PROBLEM.
Repeat the listing below verbatim, without its images.

INFORMATION SUPPLIED.
○ ○ ○

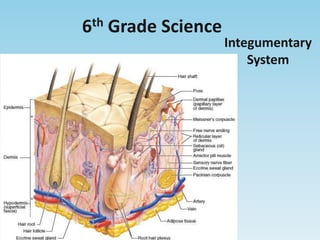6th Grade Science Integumentary System 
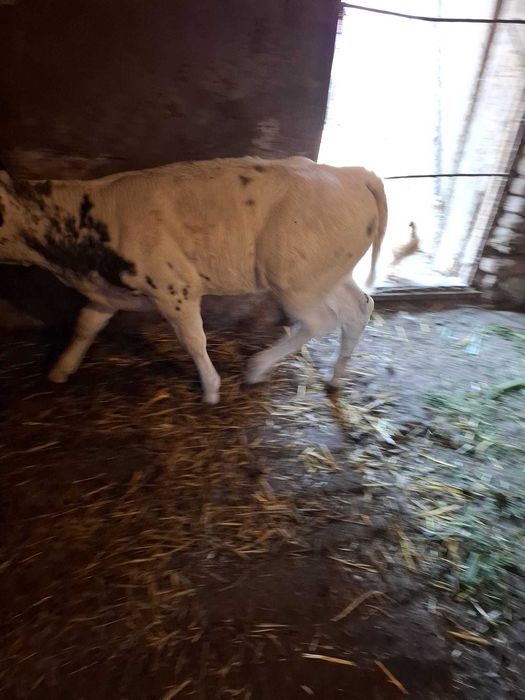 Vân vițel de carne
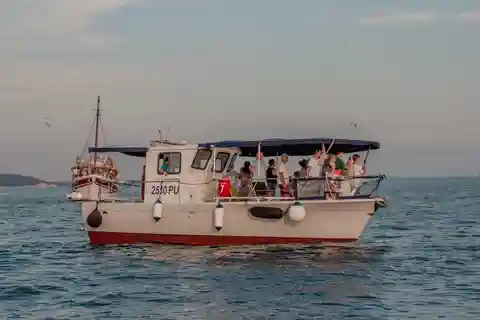 Fažana: Dolphin & Sunset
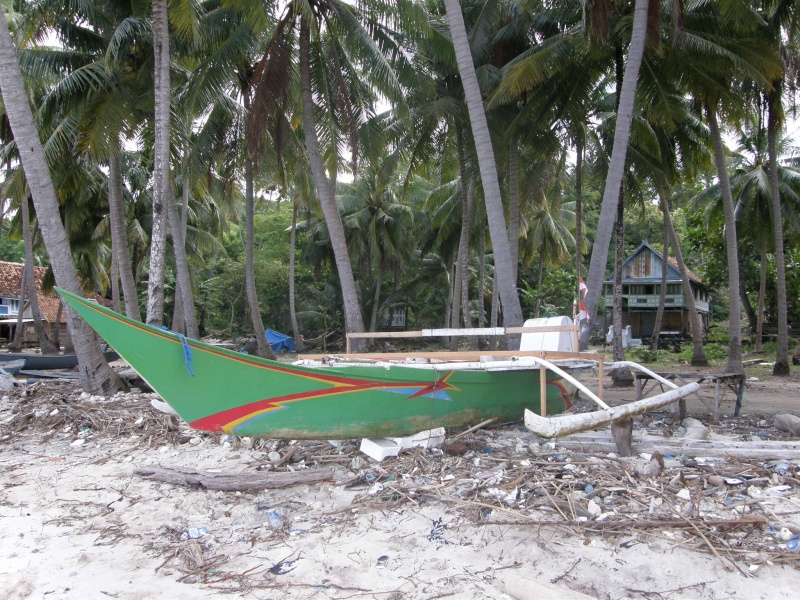 PA290838.jpg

○ ○ ○

RESULT OF THE TASK.
6th Grade Science Integumentary System 
 Vân vițel de carne
 Fažana: Dolphin & Sunset
 PA290838.jpg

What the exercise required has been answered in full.